Yes I’ve got that weird output from community.general.merge_variables when combined with | sort | unique like this:

"{{ lookup('community.general.merge_variables', 'ansible_common_', pattern_type='prefix') | sort | unique }}"

But that plugin is maybe not quite ready for that and what you were talking about before was your mergevars plugin which might have slightly different behavior.

Anyway when I remove those | sort | unique the output is more or les what I want (I know it might not be unique and might have dupes if same stuff is defined on more than one place, which should not happen).

But what are you trying to sort here? The order of ansible_common_* variables before they are merged?

sort is maybe not so important but unique would be useful… to make merge a bit more “fail proof”.

Can you elaborate? Variables are always unique because they are overridden.

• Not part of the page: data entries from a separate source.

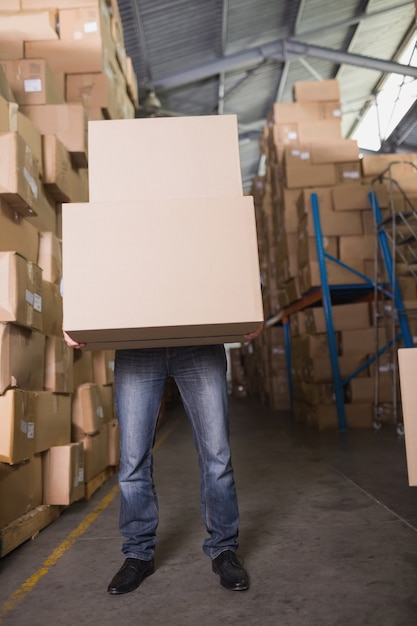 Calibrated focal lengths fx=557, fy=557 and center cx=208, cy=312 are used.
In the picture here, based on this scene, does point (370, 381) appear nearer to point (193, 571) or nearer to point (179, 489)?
point (179, 489)

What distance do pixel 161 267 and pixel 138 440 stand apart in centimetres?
76

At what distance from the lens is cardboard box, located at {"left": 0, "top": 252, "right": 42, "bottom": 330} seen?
2.50m

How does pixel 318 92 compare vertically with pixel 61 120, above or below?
above

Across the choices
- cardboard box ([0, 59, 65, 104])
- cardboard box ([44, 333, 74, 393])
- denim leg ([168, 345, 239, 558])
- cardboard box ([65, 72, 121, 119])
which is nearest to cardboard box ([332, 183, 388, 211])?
cardboard box ([65, 72, 121, 119])

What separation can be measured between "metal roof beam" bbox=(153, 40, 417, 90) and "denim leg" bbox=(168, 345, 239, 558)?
26.9 ft

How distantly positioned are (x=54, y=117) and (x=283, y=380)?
22.5 feet

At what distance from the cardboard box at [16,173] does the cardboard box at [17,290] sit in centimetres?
30

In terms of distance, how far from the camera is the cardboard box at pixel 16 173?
2611mm

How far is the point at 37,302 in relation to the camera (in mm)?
2889

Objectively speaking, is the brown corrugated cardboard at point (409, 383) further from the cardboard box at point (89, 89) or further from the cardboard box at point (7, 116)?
the cardboard box at point (89, 89)

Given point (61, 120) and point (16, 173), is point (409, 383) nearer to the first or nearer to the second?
point (16, 173)

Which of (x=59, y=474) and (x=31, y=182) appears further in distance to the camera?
(x=59, y=474)

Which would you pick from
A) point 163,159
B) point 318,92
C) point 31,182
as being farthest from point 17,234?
point 318,92

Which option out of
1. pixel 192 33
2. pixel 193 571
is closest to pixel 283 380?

Multiple variables with same name are going to be collapsed to a single variable based on variable Ansible precedence rules. Dicts keys are also unique.

But I’m also wondering in your example:

sssd_allow_groups: "{{ lookup('mergevars', 'sssd_allow_groups_default', regex='^sssd_allow_groups_') | sort | unique }}"

Why you initialize with sssd_allow_groups_default and this you are merging with regex='^sssd_allow_groups_'? Would not be sssd_allow_groups_default also matched with regex? But maybe it’s not problem in your workflow or you get rid of it using that unique thing.

Yes… I have among key: value pairs also key: dict_value pairs, those ssh_keys and if I accidentally define same key in group_vars, and than host_vars, I end up with an output like this:

TASK [ansible : Debug merge] *********************************************************************************************
ok: [ansible-testing-1] => {
    "ansible_common": {
        "home": "/var/lib/ansible",
        "ssh_keys": [
            "ssh-ed25519 AAAAC3NzaC1lZDI1NTE5AAAAIJA6YzPY5j2lrHD/dbCnnu4mmD5p8lr79omYSBtbWsBh igielskv@icloud.com",
            "ssh-ed25519 AAAAC3NzaC1lZDI1NTE5AAAAICPUx75bIDUQquaYStRxMwid4itArEKG8ANWe4P7ATY9 vladislav.igielski@logicworks.cz",
            "ssh-ed25519 AAAAC3NzaC1lZDI1NTE5AAAAIJA6YzPY5j2lrHD/dbCnnu4mmD5p8lr79omYSBtbWsBh igielskv@icloud.com"
        ],
        "ssh_keys_removed": [],
        "ssh_max_startups": "10:30:100"
    }
}

U see there I have same ssh key twice from two different places, it’s not really desired outcome.

I can see now. Then this means you have a third variable you have not mentioned? You have one in role defaults, one in group_vars, the extra third ssh key must be coming from a third variable.